→ REQUIRED ACTION
Below are some records; quote exactly the lines from the one that contains "A natural illustration" through the one that contains "경기 의왕시 고천동 단기렌트카 전문 웨이 본점", inclusive, and no others.

*** Opening of DATA RECORDS ***

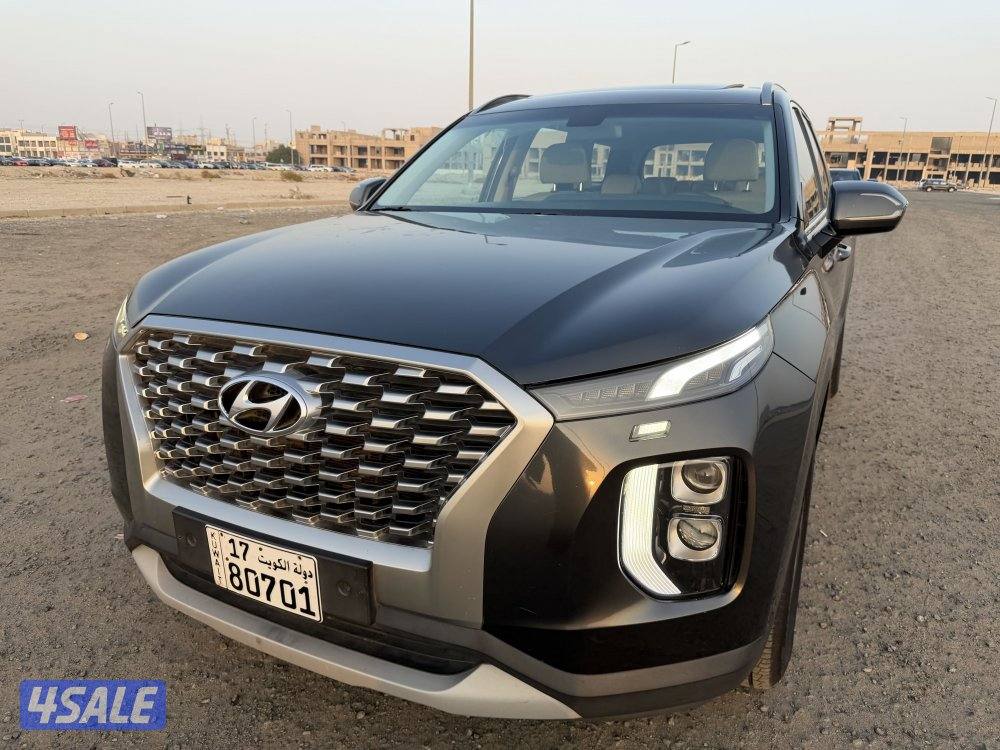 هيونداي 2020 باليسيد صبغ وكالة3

*** Close of DATA RECORDS ***
*** Opening of DATA RECORDS ***

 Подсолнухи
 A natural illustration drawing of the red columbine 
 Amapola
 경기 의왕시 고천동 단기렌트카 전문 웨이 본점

*** Close of DATA RECORDS ***
*** Opening of DATA RECORDS ***

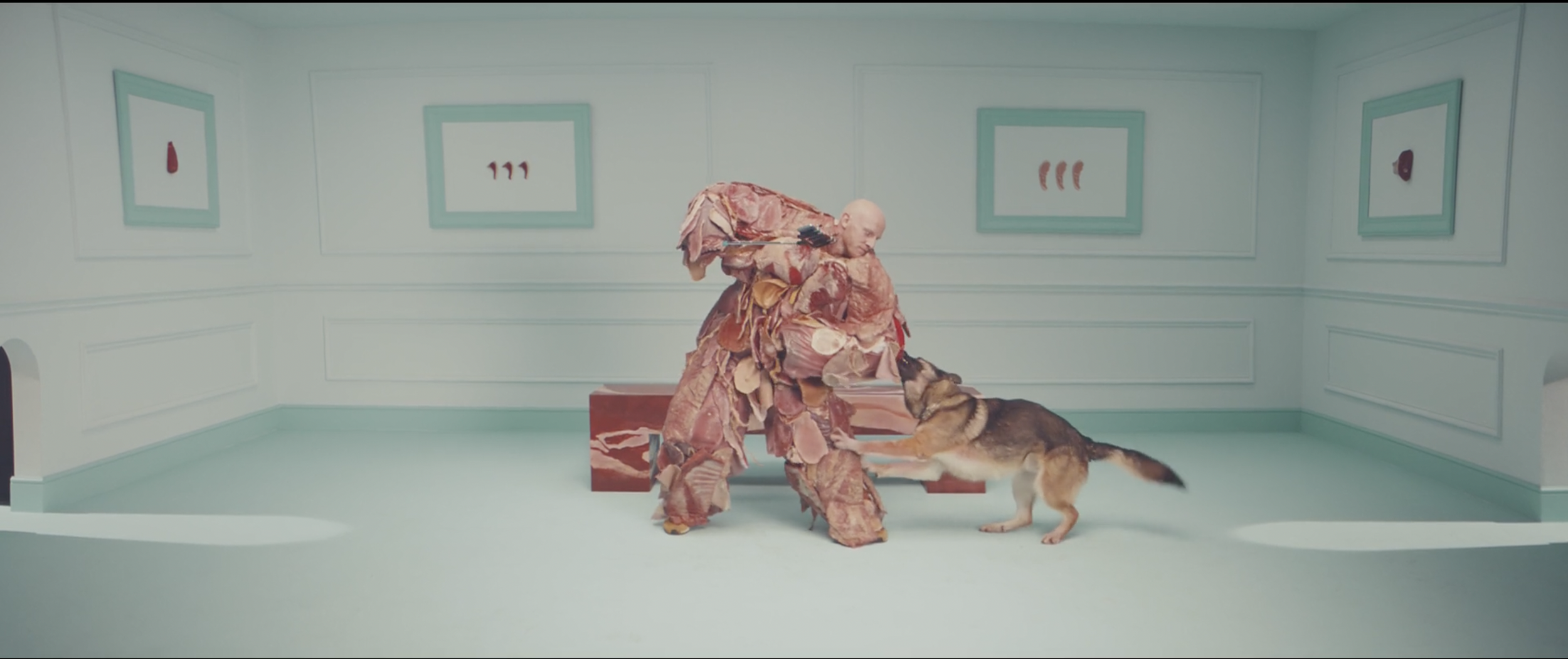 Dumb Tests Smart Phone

*** Close of DATA RECORDS ***

→ ANSWER FOR THE TASK
 A natural illustration drawing of the red columbine 
 Amapola
 경기 의왕시 고천동 단기렌트카 전문 웨이 본점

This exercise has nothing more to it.